▶ Task objective
From the line holding "A larger crochet" through the line holding "Aerial valley village" below, write out every line exactly; include both of those lines and drop the pictures.

▶ Provided material
-=-=-=-=-

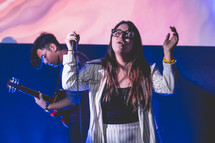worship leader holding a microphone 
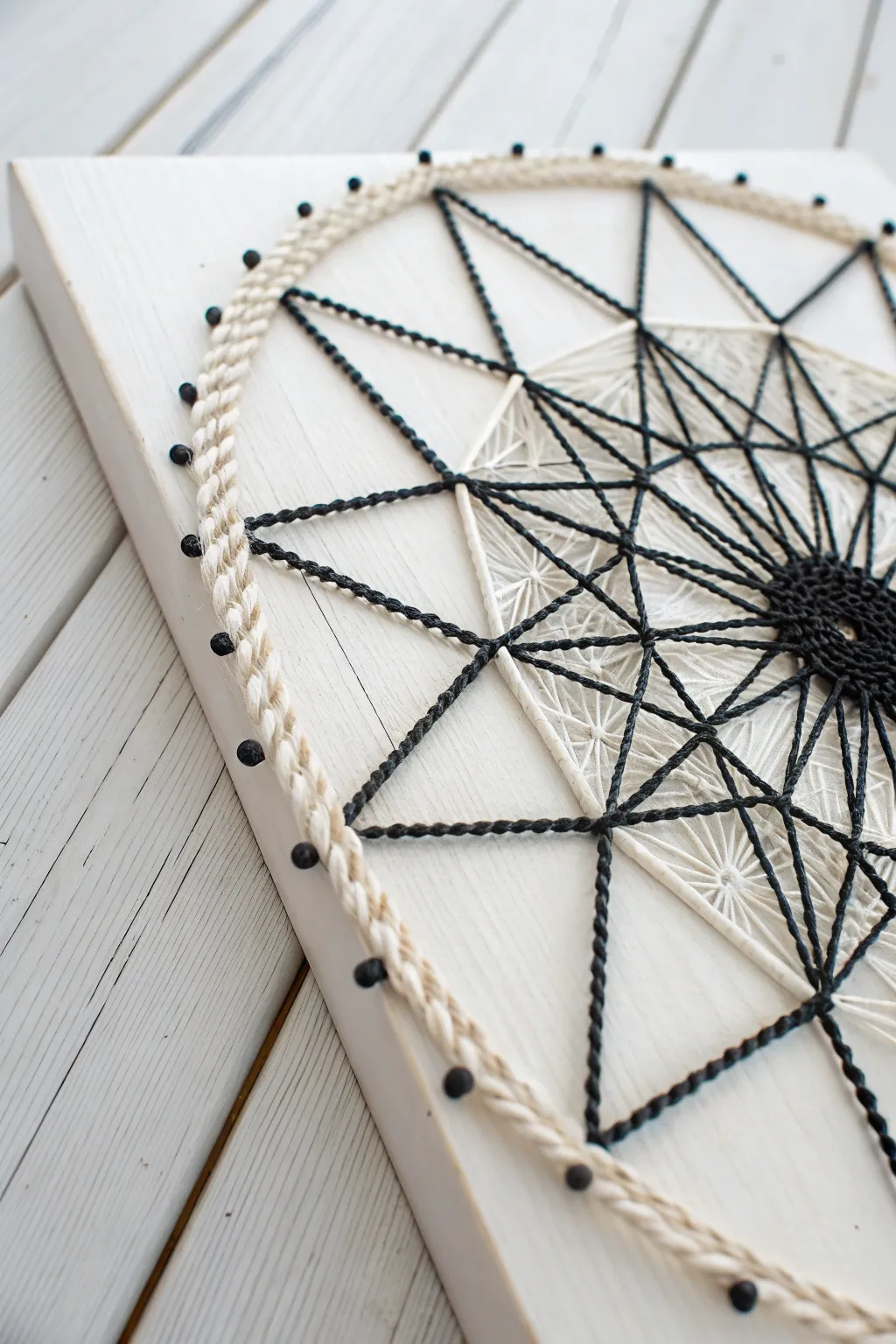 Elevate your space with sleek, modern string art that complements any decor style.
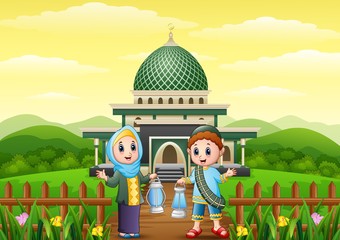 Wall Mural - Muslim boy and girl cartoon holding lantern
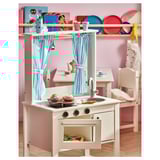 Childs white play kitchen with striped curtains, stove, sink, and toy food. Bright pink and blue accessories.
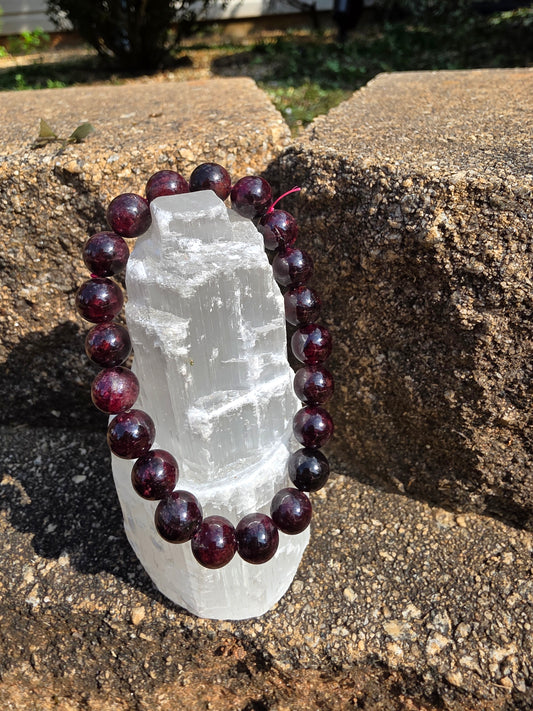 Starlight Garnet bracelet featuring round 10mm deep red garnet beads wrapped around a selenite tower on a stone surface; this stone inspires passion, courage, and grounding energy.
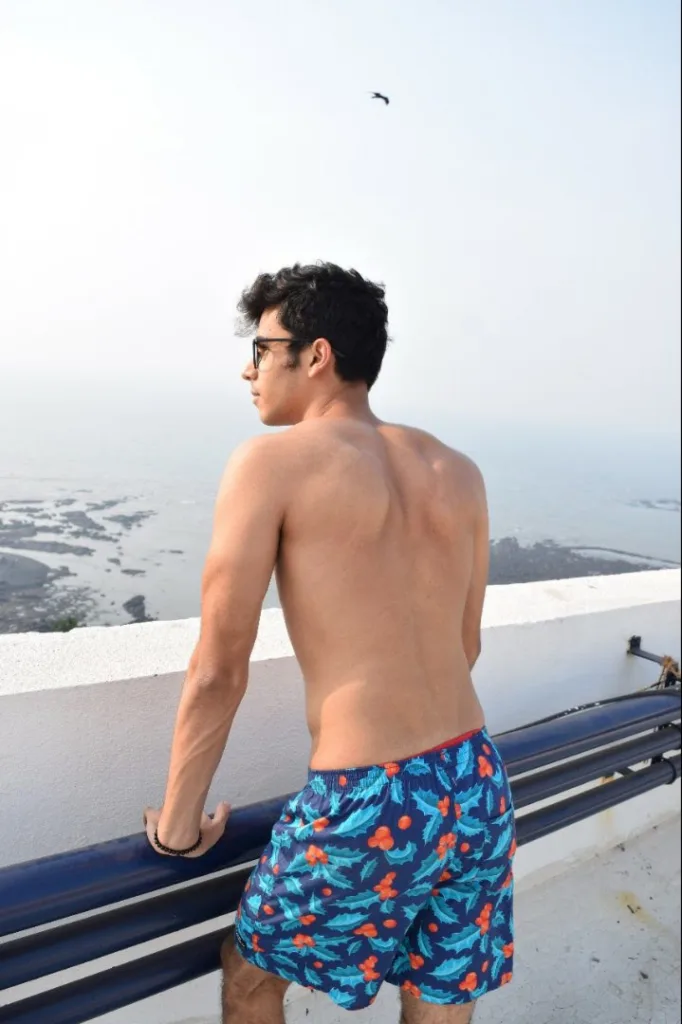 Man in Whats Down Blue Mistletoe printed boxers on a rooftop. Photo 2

-=-=-=-=-

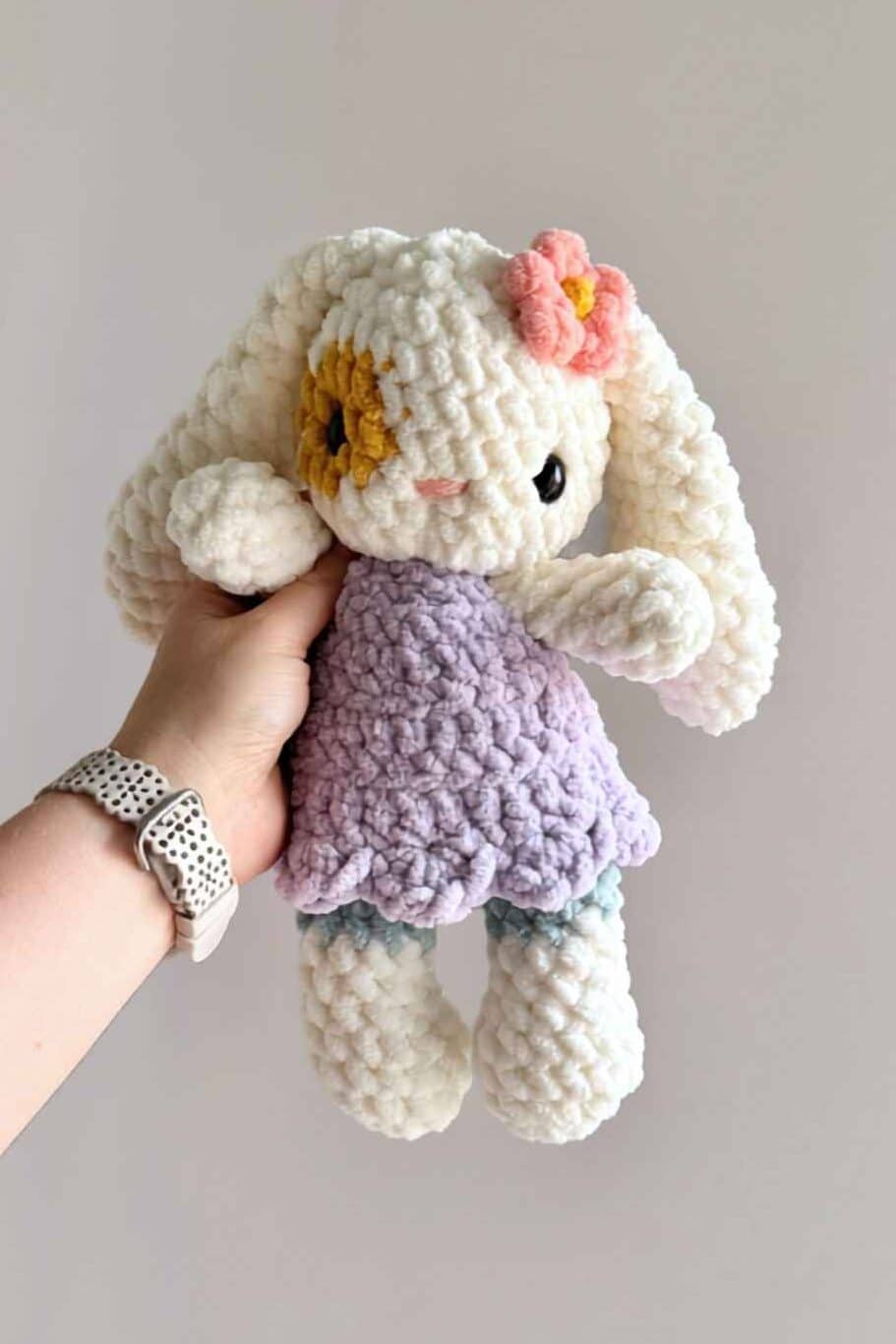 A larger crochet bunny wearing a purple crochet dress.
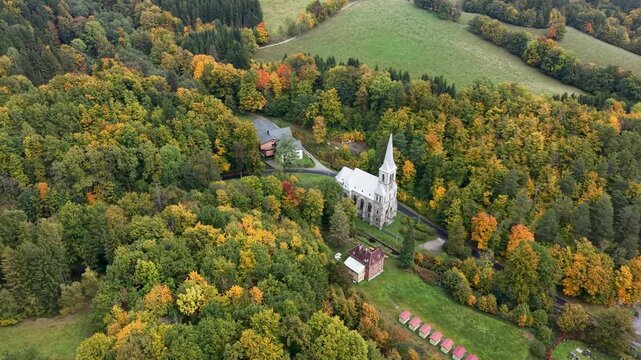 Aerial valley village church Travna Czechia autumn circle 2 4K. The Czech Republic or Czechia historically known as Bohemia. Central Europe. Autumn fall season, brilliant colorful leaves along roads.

-=-=-=-=-

▶ Written solution
 A larger crochet bunny wearing a purple crochet dress.
 Aerial valley village church Travna Czechia autumn circle 2 4K. The Czech Republic or Czechia historically known as Bohemia. Central Europe. Autumn fall season, brilliant colorful leaves along roads.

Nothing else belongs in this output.